NB: It is important that the order of tasks is irrelevant.

The queue should be thread-safe and atomic (Redis is both). - atomic: the queue will not be corrupted if multiple workers try to pull a task at the same time. - thread-safe: the queue will not be corrupted if multiple workers try to push a task at the same time.

Redis

Redis is an in-memory data structure store, used as a database, cache and message broker. It supports data structures such as strings, hashes, lists, sets, sorted sets with range queries, bitmaps, hyperloglogs, geospatial indexes with radius queries and streams.

Redis guarantees that multiple clients will not be able to corrupt the queue when pushing or pulling tasks.

Resilience to runtime crashes

If we need resilience to runtime crashes, Redis requires additional configuration. Using Rabbit or SQS solve this problem.

Getting Started

This example’s code is available here.

1. Setup

Setup a directory distributed-computation/ which contains:

  • app/: subdirectory.
  • worker/: subdirectory.
  • docker-compose.yml: a docker-compose file used to build a Redis docker image and launch a container.

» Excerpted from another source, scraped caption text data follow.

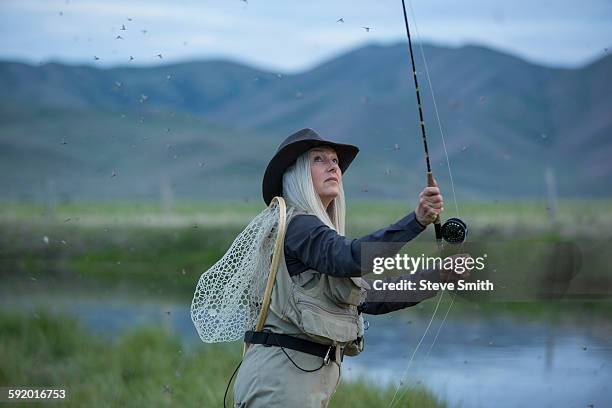 caucasian woman casting fishing line in remote lake - lenza foto e immagini stock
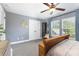 Spacious bedroom with a ceiling fan, closet, and large windows at 12304 Huntersville Concord Rd, Huntersville, NC 28078
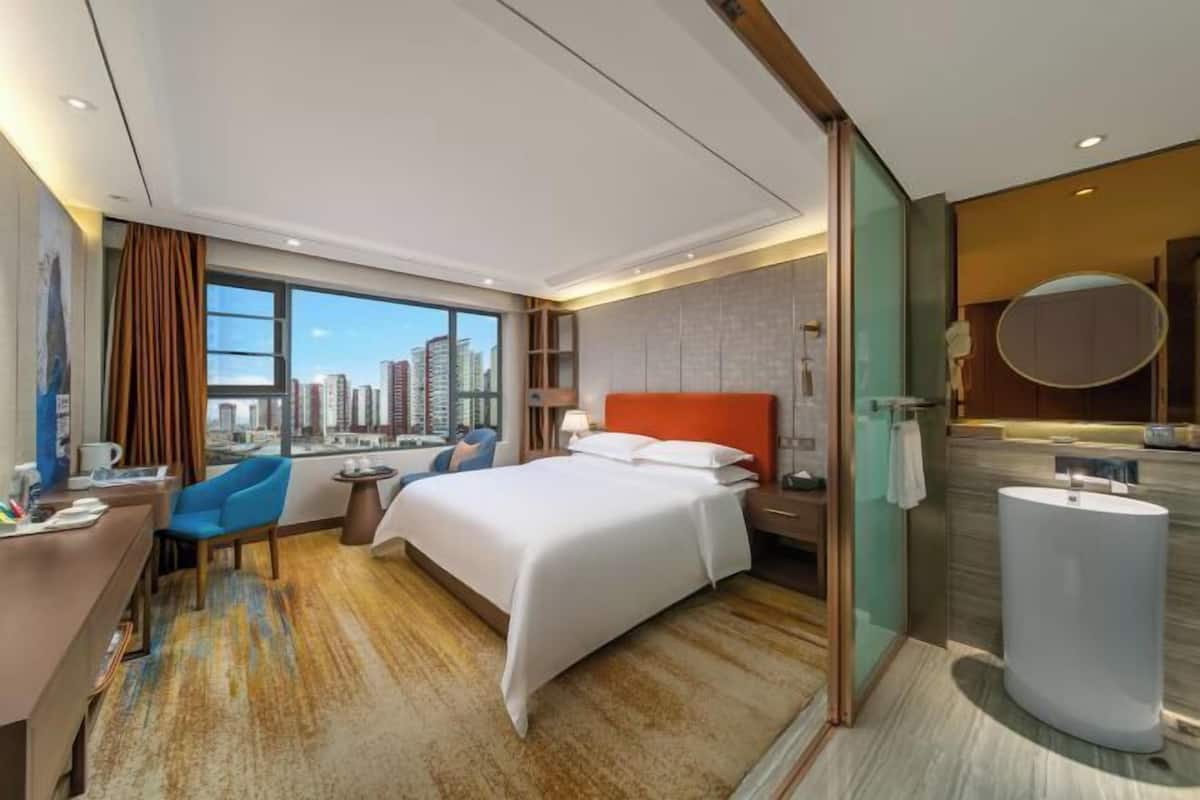 Ein Hotelzimmer mit Bett, Schreibtisch, Stuhl und einem großen Fenster mit Blick auf die Stadt.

2. Build and launch the Redis Image

Install and launch Redis. Here I use the official Redis docker image. Here's an example docker-compose.yaml

version: '3'

services:
redis:
image: redis:latest
container_name: redis_distributed_queue
restart: always
ports:
- '6379:6379'
command: redis-server --save 30 1 --loglevel warning --requirepass dummy-pass # dummy-pass is our password
volumes:
- data-volume:/data

volumes:
data-volume:

3. Write a module to interact with Redis

The below module and push and pop to our Redis queue using the Python Redis API.

"""
------------------------------------------------------------------------
Redis module

Helper module to
- Access redis db
- pull from a redis queue
- push to a redis queue

: 08.11.23
: zach wolpe
: zach.wolpe@medibio.com.au
------------------------------------------------------------------------
"""
import redis

class redis_access:

@staticmethod
def redis_db(config):
db = redis.Redis(
host = config.redis_host,
port = config.redis_port,
db = config.redis_db,
password = config.redis_password
)
# query access
db.ping()
return db

@staticmethod
def redis_queue_push(config, db, message):
"""push to tail of the queue (left of list)"""
db.lpush(config.redis_queue_name, message)

@staticmethod
def redis_queue_pop(config, db):
"""
pop from head of the queue (right of list)
the `b` in `brpop` indicates this is a blocking call (waits until an item becomes available).
"""
_, message_json = db.brpop(config.redis_queue_name)
return message_json

4. Config

Set up a config management system. Use secrets and env variables in production, but here I’ll use a config.py file for demonstrative purposes.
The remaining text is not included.